Macedonia, scale 1:750,000 © State Statistical Office of the Republic of Macedonia and Swiss Federal Statistical Office.
Shaded relief generated from digital elevation models usually does not match the quality of manually-produced relief. Among the deficiencies of analytical relief, important topographic features are not depicted clearly enough. However, analytical shaded relief can serve as a starting point for graphical enhancements with Photoshop.
The four images below illustrate the workflow with a portion of the hill shading of Macedonia shown above.
- The first relief originates from a too detailed DEM. The completely unrecognisable large landforms make this shaded relief unusable.
- Using a filtered (downsampled) DEM, an alternative shading was generated using specialized software (Shadow) that allows for interactive adjustment of the light direction and simulation of aerial perspective.
- Additional improvements to the shading in Photoshop resulted from using the imported contour lines, spot heights, drainages and political boundaries as reference guides.
- After making tonality adjustments, combining the shading with thematic map layers yielded the final map.

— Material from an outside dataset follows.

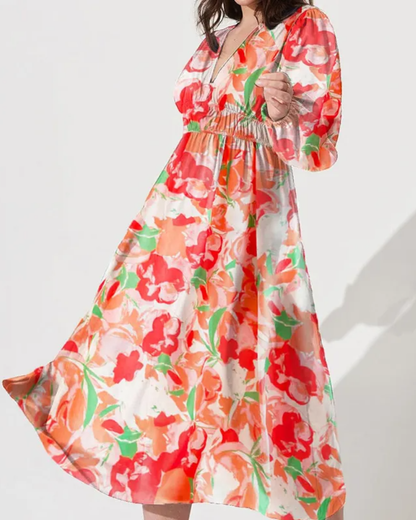 Celine | Robe Florale Féminine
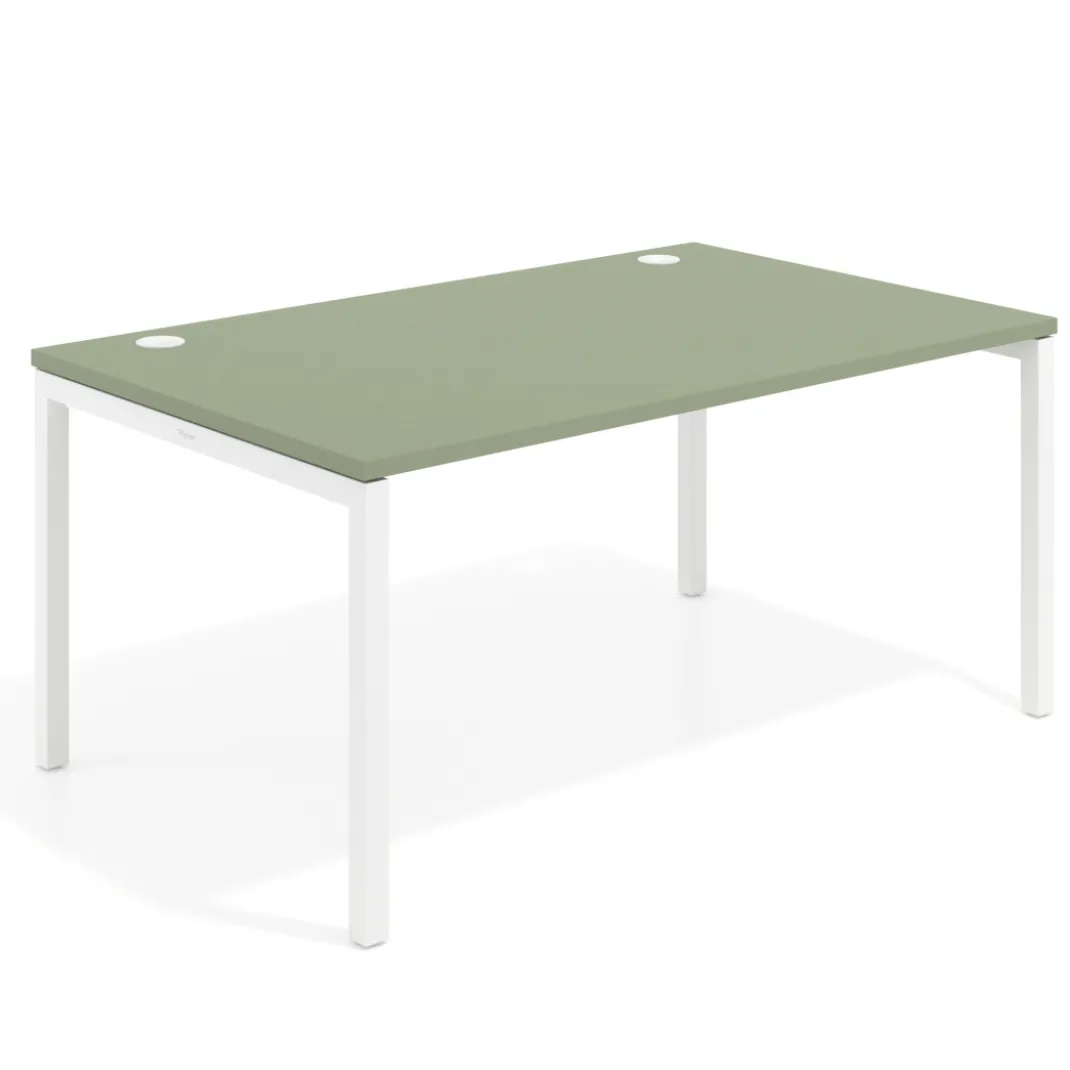 Mesa de dirección Kube fondo 100cm estructura blanca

1) Shaded relief of Macedonia without local adaptations or filtering.
2) Shaded relief after DEM filtering and local adjustments in Shadow (relief shading software).
3) Shaded relief after corrections in Photoshop.
4) Tonal lightening for the final print.
Producing the shaded relief of Macedonia took four days: One day for converting and importing the different data sets, one day for the analytical shading with Shadow, and two days for enhancing the relief with Photoshop.
The following two images show the detailed work done with Photoshop. Data artefacts embedded in the DEM result in unsightly terraces and ridges (left). After a few strokes with Photoshop’s image editing tools, the artefacts disappeared and the major landforms became much easier to distinguish (right). The dodge, burn, clone stamp and brush tools proved to be especially useful for this work.
Before (left) and after (right) enhancements with Photoshop.